Time Flies

I wonder how many people go through the ups and downs of weight loss the way I do. Its so frustrating to me to know that when I started this March 1st of 2012 I was hell bent that I was going to succeed. Money became  tighter so I had to quit weight watchers and try to do it on my own, even though I had all the tools to continue along in my journey I felt alone again.

I look back now and summer is over just about and had I stuck with going and not cheated myself the pleasure of full success I would have been just about at my goal,maybe not but at least I would still be on the right path. Now I find myself thinking how the hell can I get back on track, I read stories of people who have went down the same roads as I am and they succeeded they reached their weight loss goal and they are still living a healthy lifestyle not letting anything get in their way.

I need to reload, refocus,and rethink of a way to get my body on the same page as my mind and thoughts. Easier said than done sometimes this body of mine doesn’t want to exercise or eat well, my emotions get the best of me and I give in to all the things I know I shouldn’t.

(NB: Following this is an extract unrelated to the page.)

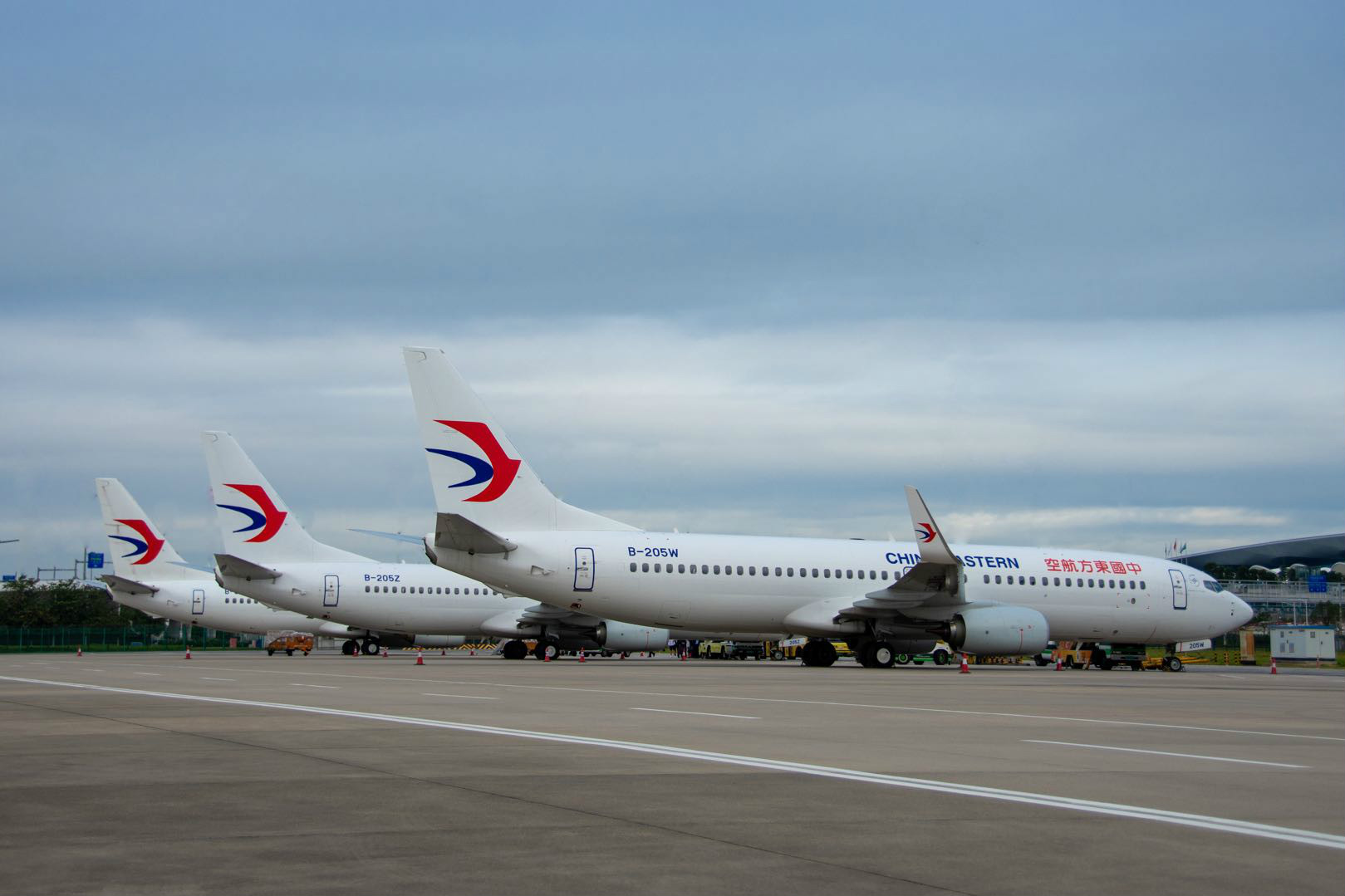 為什么選擇東方航空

I don’t know why this has to be so hard for me I know how to do it, I have done it I lost almost 40 pounds and have gained it all back but 17 pounds that alone seeing those numbers makes me so mad at myself. I gave up on me after saying there was no looking back that I was ready to get healthy and get this body in its top form, but I lied to myself, I walked away because of whatever was going on with me or my family at the time, I gave up.

I remember how I felt when my daughters would say wow Mom look how skinny your getting or Mom you look great, those words were like a payday for me. I want so badly to finish this journey finish what I started and show not only myself but my girls that I can accomplish what I set out to do.   That I am not a failure at this too. 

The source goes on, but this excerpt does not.